El principal acierto de una decisión tardía consiste en que engloba distintos tipos de medidas, en consonancia con el carácter multicausal del problema. Arbitra reducciones de impuestos adicionales a las decididas en junio y rebaja sin demora los beneficios empresariales inesperados a consecuencia del aumento del gas. Algunas medidas van incluso dirigidas contra los excesos de lucro en el vaciado súbito de los embalses aprovechando el desfase entre su coste (cercano a cero) y su retribución (ligada a la evolución de las energías caras). Y se incluye también la atención especial, por el lado del gasto, a los más vulnerables.
Todos quedan involucrados. El presupuesto público compensará los recortes de impuestos sectoriales, y las cuentas de resultados de las energéticas también aportarán. Todo ello es razonable, aunque el primero deba pechar con más de dos tercios del esfuerzo (unos 1.400 millones de euros hasta Navidad), mientras que el oligopolio afronta apenas un tercio.
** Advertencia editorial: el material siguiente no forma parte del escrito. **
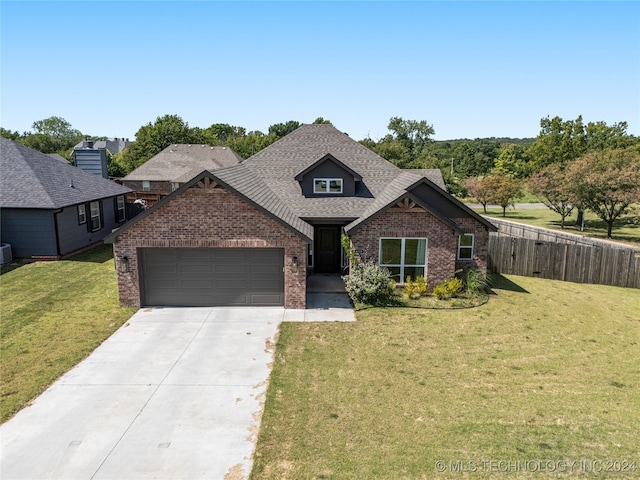 craftsman-style house featuring a garage and a front yard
Poca duda cabe de que este plan es mucho más equilibrado que la proposición de ley alternativa tramitada por el Partido Popular, que apenas roza lo que son beneficios exorbitantes de las empresas. Las compañías eléctricas no han emprendido acciones legales, pero sí han anunciado que estudiarán el decreto ley para valorar la vía jurídica. Con todo, las medidas propuestas tienen carácter transitorio, a la espera de que las reformas estructurales alcancen su impacto. La Comisión Europea tampoco será ajena a ello porque está ya interesada, y lo estará más en el futuro, por este tipo de novedades.
El paquete balancea también las medidas estructurales de los proyectos de ley, las urgentes del decreto y la incentivación a la competencia interna del oligopolio que ambas suponen. Al ala minoritaria del Gobierno puede satisfacerle su alcance sustancial y, sobre todo, su urgencia. La fijación arbitraria de precios públicos no era una opción hoy, y seguramente la reflexión sobre una empresa pública en el subsector hidroeléctrico pide algo más de tiempo y templanza.